If you want to stick with the traditional disc-read-per-request model, I'd be interested to see if something like a blue/green code deployment could work. You'd have two separate html roots - say, with /var/www/blue being current. You deploy your new code to /var/www/green, update httpd.conf to point there, then SIGHUP apache. The next deployment would switch back from /var/www/green to /var/www/blue. That way every request sees a consistent deployment from start to end.

IsTom · on Oct 22, 2012

If you use relative paths 3 will include old file. I'm not sure if that's a problem in PHP, but everything I used handled that fine.

standel · on Oct 22, 2012

mv is relying on operation "similar" to rename() defined by POSIX which specifies that it should be atomic.

So, the assumption "On Unix, mv is atomic operation" is not true. If your underlying FS is fully POSIX-compliant, mv will be an atomic operation.

I think it's important to stress it because there are some distributed FS that might even try to be POSIX-compliant but which are not guaranteeing atomic rename's and therefore this trick would not work well.

njharman · on Oct 22, 2012

Any deployment tool fab, capistrano, etc. should do this.

My preferred layout is

./releases/<datetime or rev or whatever makes sense for you stamped>

./current symlink to ./releases/<foo>

Keeping releases in directory by themselves make it easy to list them, archive old ones etc.

ralph · on Oct 22, 2012

Telling the server of the new root instead, which needs the relevant permissions as the author points out, would remove the symlink traversal on every access?

code_duck · on Oct 22, 2012

If you are on a shared host and can't restart your webserver, you probably don't have the ability to set the document root, either.

j_baker · on Oct 22, 2012

Is it just me, or does this seem like a lot of work just to avoid having assets be inconsistent for "some number of milliseconds"?

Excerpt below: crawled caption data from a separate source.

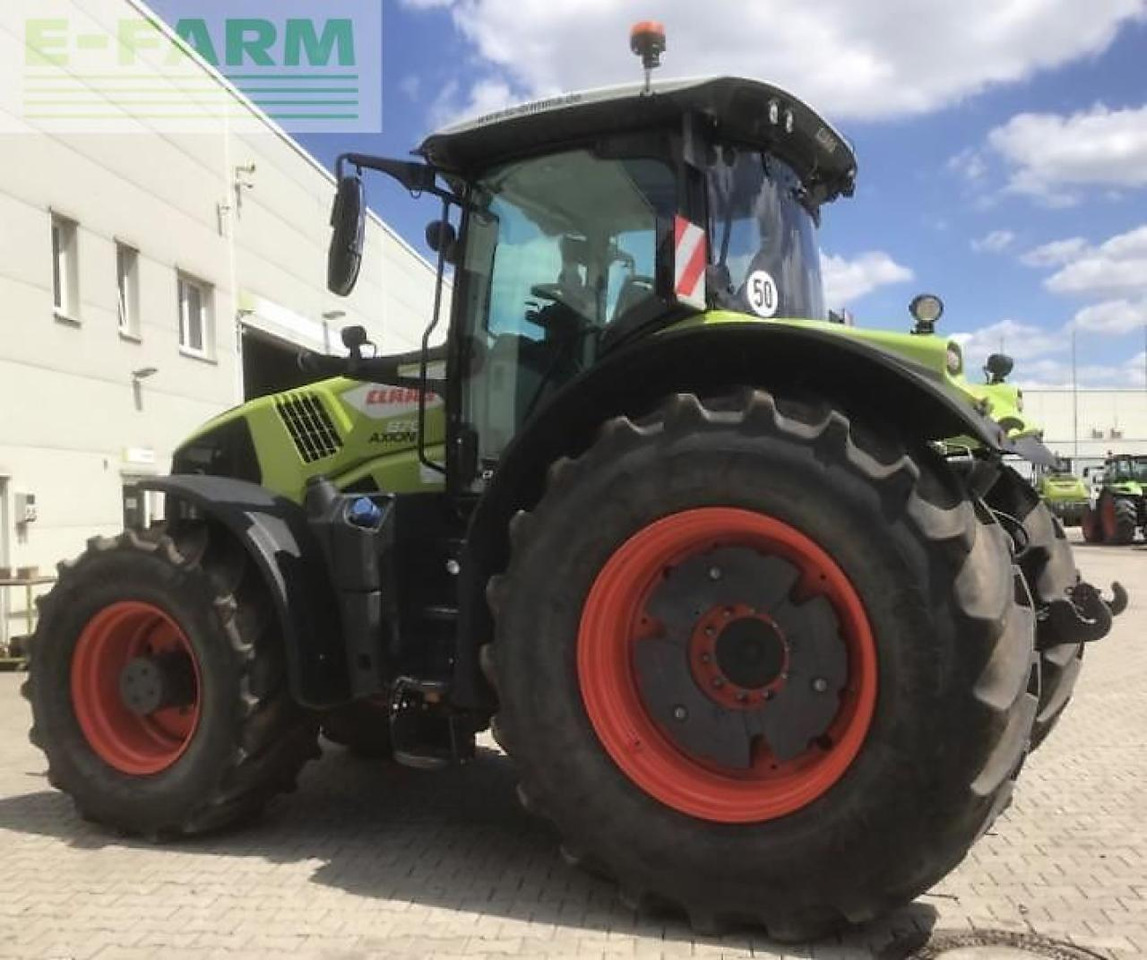 CLAAS axion 870 - Traktor: pilt 4 CLAAS axion 870 - Traktor: pilt 4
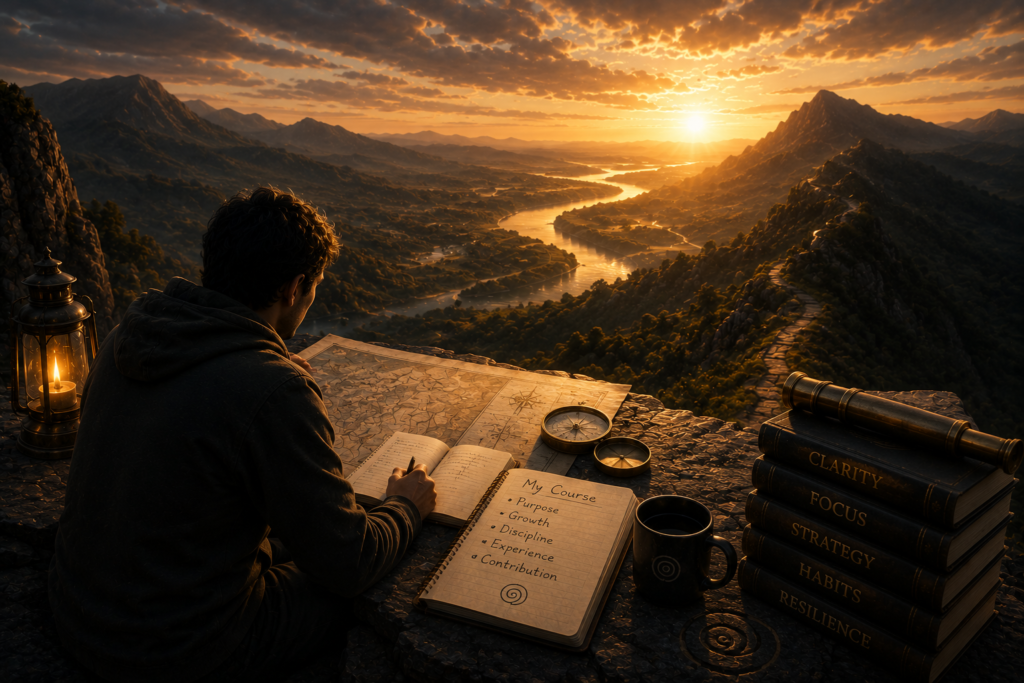 Chart Your Course: Strategic Techniques For Personal Development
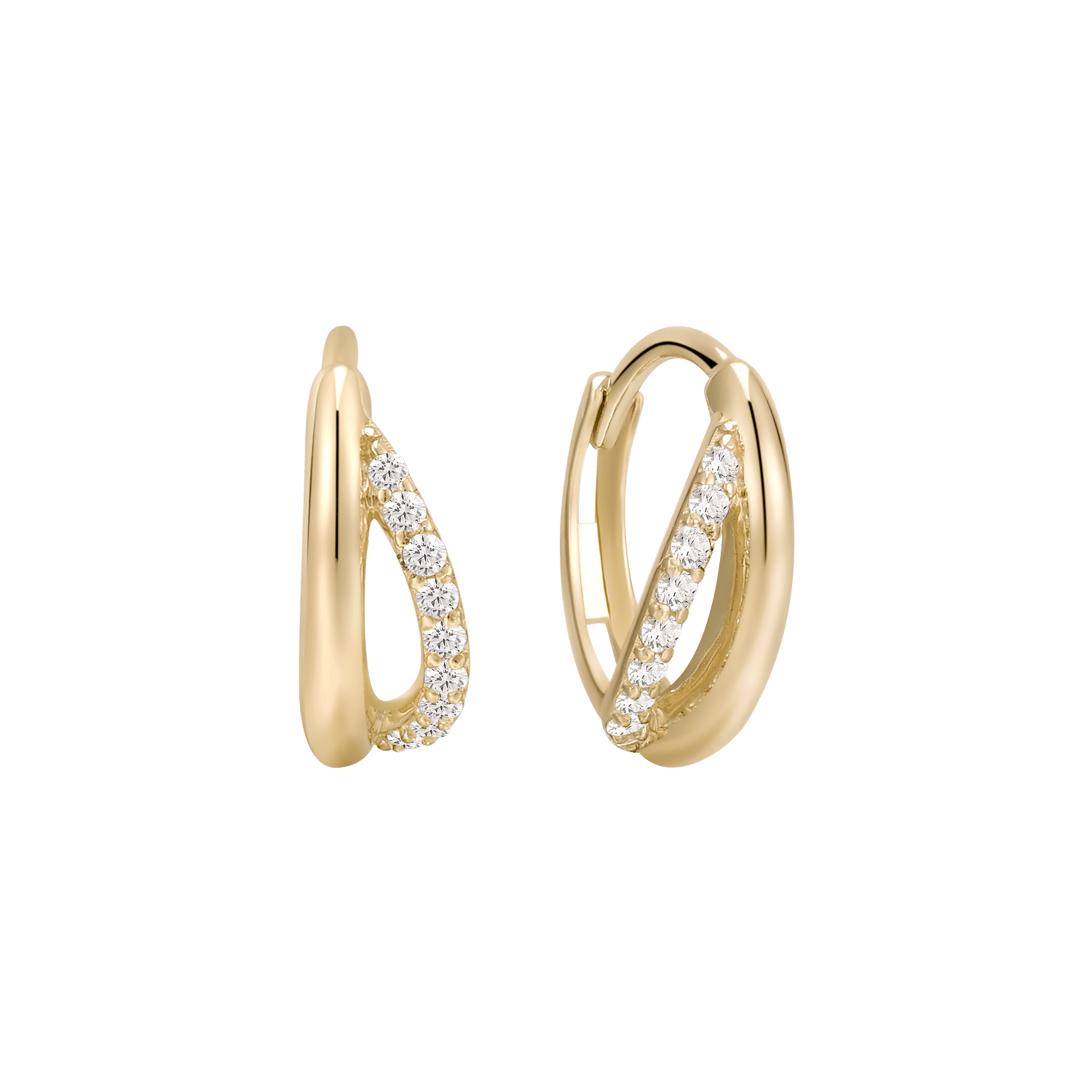 8 kt. Guld ørestikker 60342932 - Urma.dk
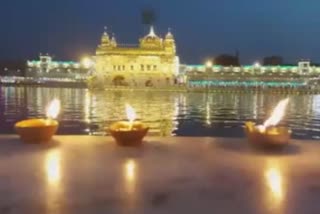 ਖਾਲਸਾ ਸਾਜਨਾ ਦਿਵਸ ਤੇ ਸ੍ਰੀ ਹਰਿਮੰਦਰ ਸਾਹਿਬ ਵਿੱਚ ਅਲੌਕਿਕ ਅਤਿਸ਼ਬਾਜੀ ਦਾ ਨਜਾਰਾ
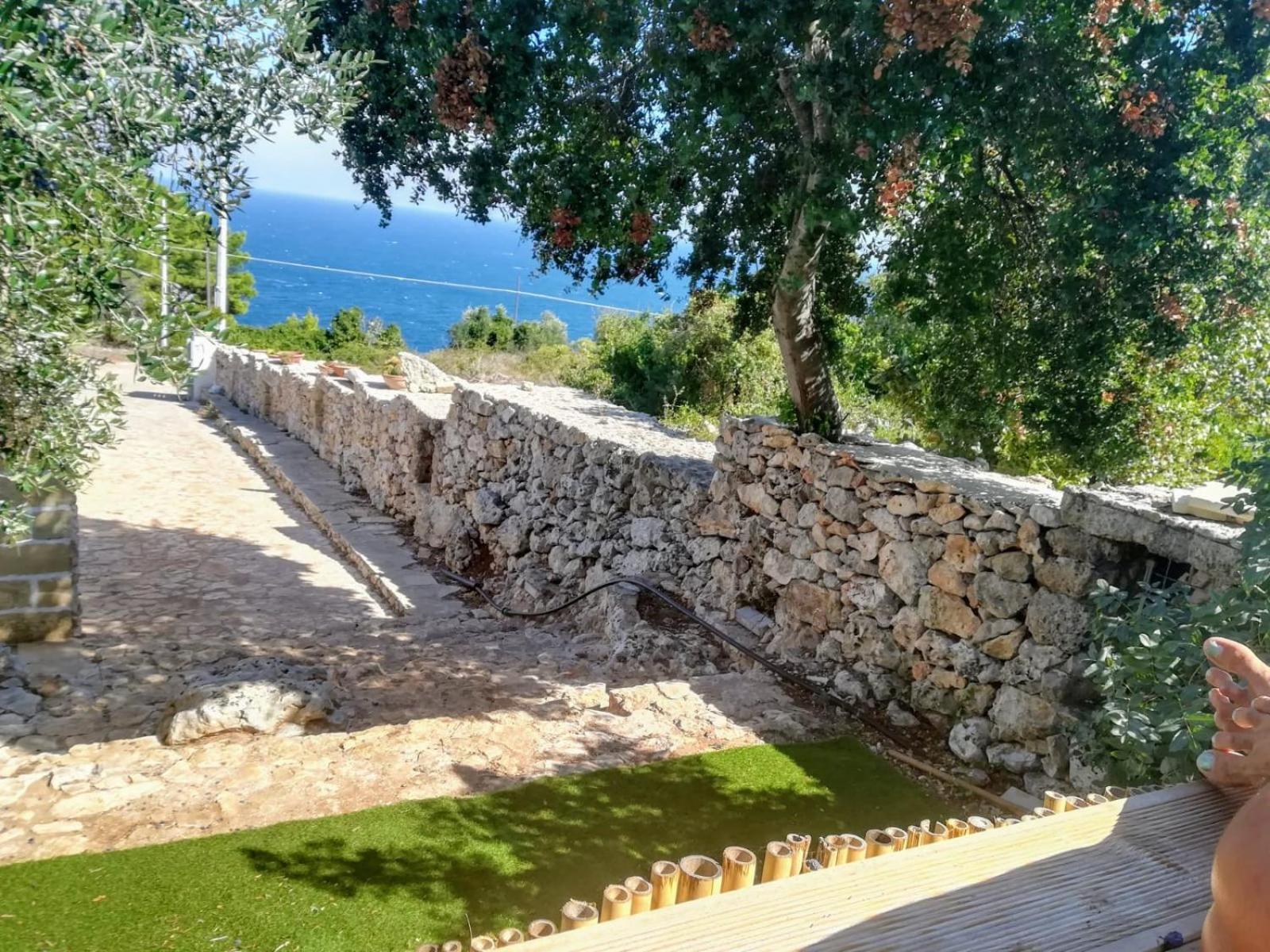 Azzurrosalento Villa Marina Serra Eksteriør bilde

sirclueless · on Oct 22, 2012

Especially when browsers are stateless and request things at different times anyways. If you have a lot of requests, you can expect a few of them to get the HTML from one version and the javascript and CSS from another anyways, no matter your strategy.

I still think this is a valuable deployment strategy, just because you can rollback and switch deployed versions easily, which is always useful. And it's certainly better than rsyncing to a live directory, at any rate.